Introduction The ability to predict arrhythmia risk in patients with LVSD is important, as the clinical and cost-effectiveness of implantable cardioverter defibrillator (ICD) therapy depends on its use in appropriately selected patient populations. Individual biomarkers can be powerful predictors of prognosis, but studies are limited to small marker panels, chosen a priori. Mass spectroscopy based proteomic techniques can powerfully and simultaneously demonstrate differential candidate proteins in an unbiased fashion but resolving power can be limited by high serum abundant proteins. Depletion methods can overcome this, but often result in coremoval of potential biomarkers too. The aim of the study was to utilise a novel wide spectrum technique to identify candidate biomarkers from the whole proteome associated with arrhythmia outcomes.
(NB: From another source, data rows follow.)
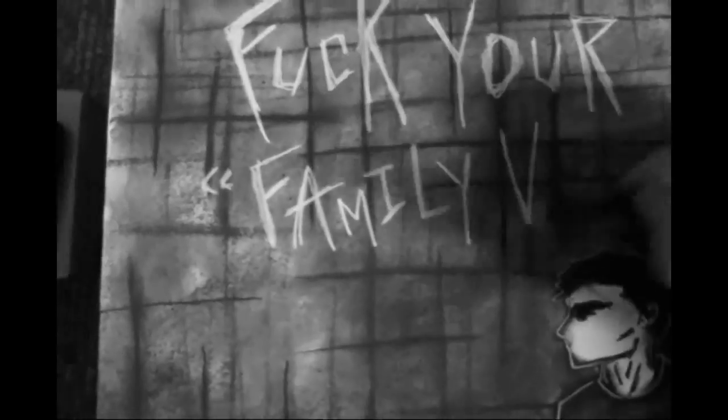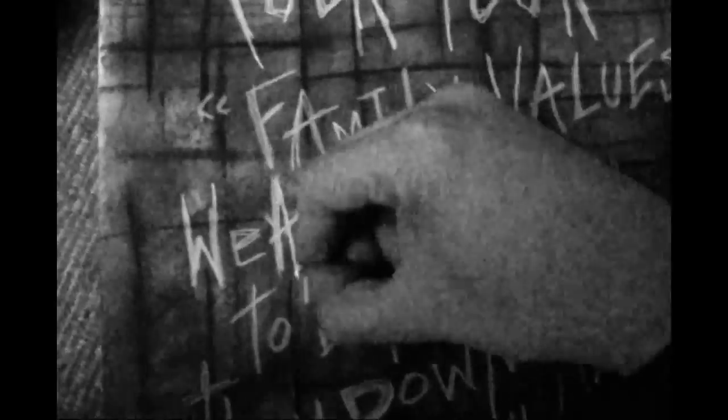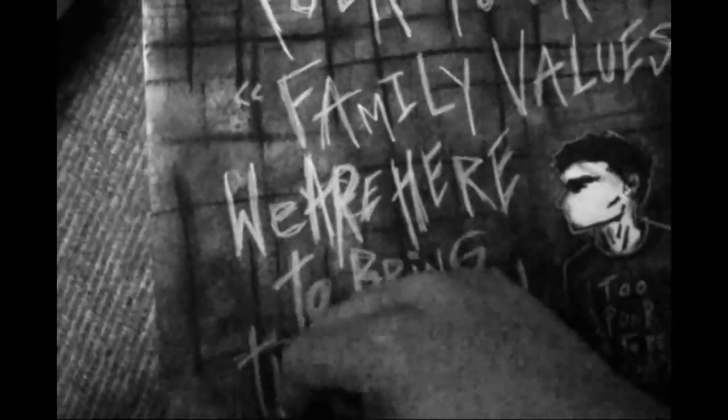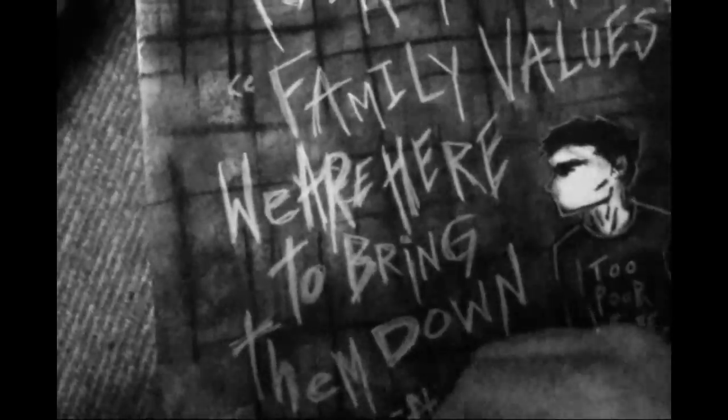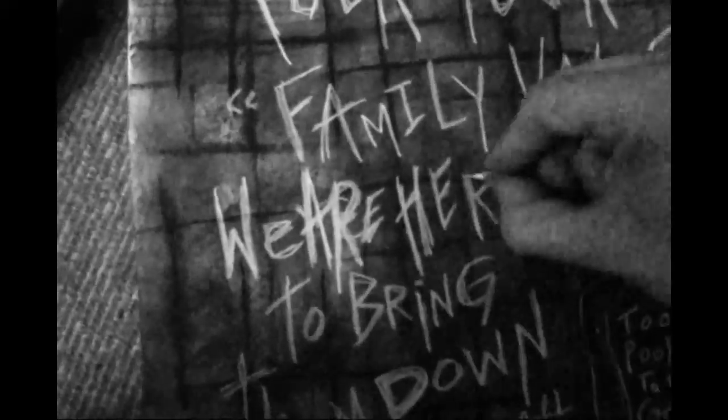it's a fine way when the family values look the other way. So fuck your family values, we are here to bring them down. We're waiting for your husbands who are desperate to go down. It's the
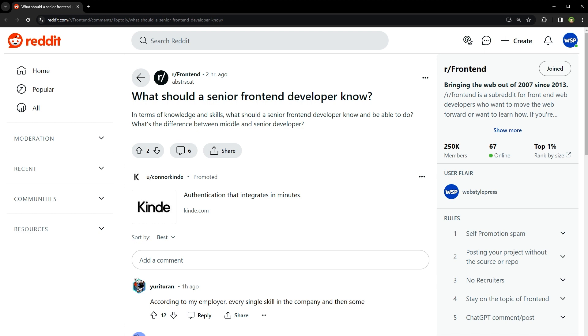Accessibility should be on your radar too. Making the web accessible to everyone is not just good practice, it's a responsibility. Know the guidelines and how to implement accessible web interfaces. And of course, in the multi-device world, your designs need to work across all browsers and screen sizes. Cross-browser testing and responsive design are your best friends here.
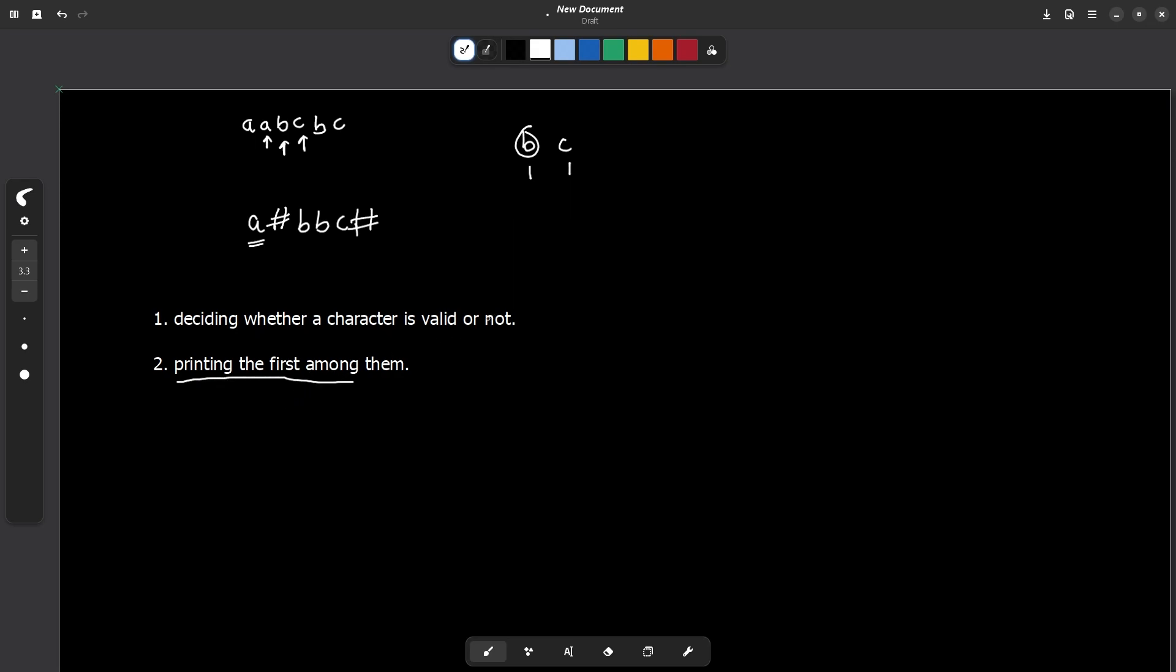Since you are traversing from left to right, to maintain which was the first among them is relatively easy because you can just maintain a data structure like a queue. Why a queue? Because when you will be traversing from left to right the first character will be the first to occur. The queue works on first come first serve. When a character comes first it will be placed first in a queue and that is exactly what you want. The character which comes first should be the first priority of our answer. So a queue would be a very good data structure to store this information.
Methods Consecutive patients attending device follow up clinic were recruited to the study. Serum was collected and stored at −80°C. The occurrence of prespecified arrhythmia end points and death was recorded. Sera were then pooled according to clinical categories occurring during follow up. Grouped sera underwent stable isotope iTRAC labelling, and following protein fractionation and immunodepletion, samples underwent simultaneous tandem mass spectroscopy followed by data processing and identification of differentially expressed protein peaks p<0.05. Technical validation of the technique was achieved through detection of B type natriuretic peptide using mass spectroscopy and in unfractionated serum using standard ELISA techniques.
Results 243 patients (54% male, age 71±6) were included in the analysis. During follow up of 40 months, there were eight cardiovascular deaths. 25 experienced VT>182 bpm or VF, whilst 48 never experienced VT at any rate/VF (controls).
634 proteins were identified by this method. When compared to the control group, proteins had significant differential expression if twofold up- or down-regulated. Overall, 94 proteins were differentially expressed in those who died or experienced VT>182 or VF. 15 proteins were associated with the arrhythmia endpoint but not death (table 1). BNP was detected by both MS and ELISA, and had greater up-regulation in patients who died, but was not discriminative for arrhythmia occurrence.
Conclusions This study provides proof of principle that proteomic techniques can identify candidate proteins for use as biomarkers of arrhythmia risk. Further investigation is needed to select proteins with potential for clinical application before testing in a prospective setting.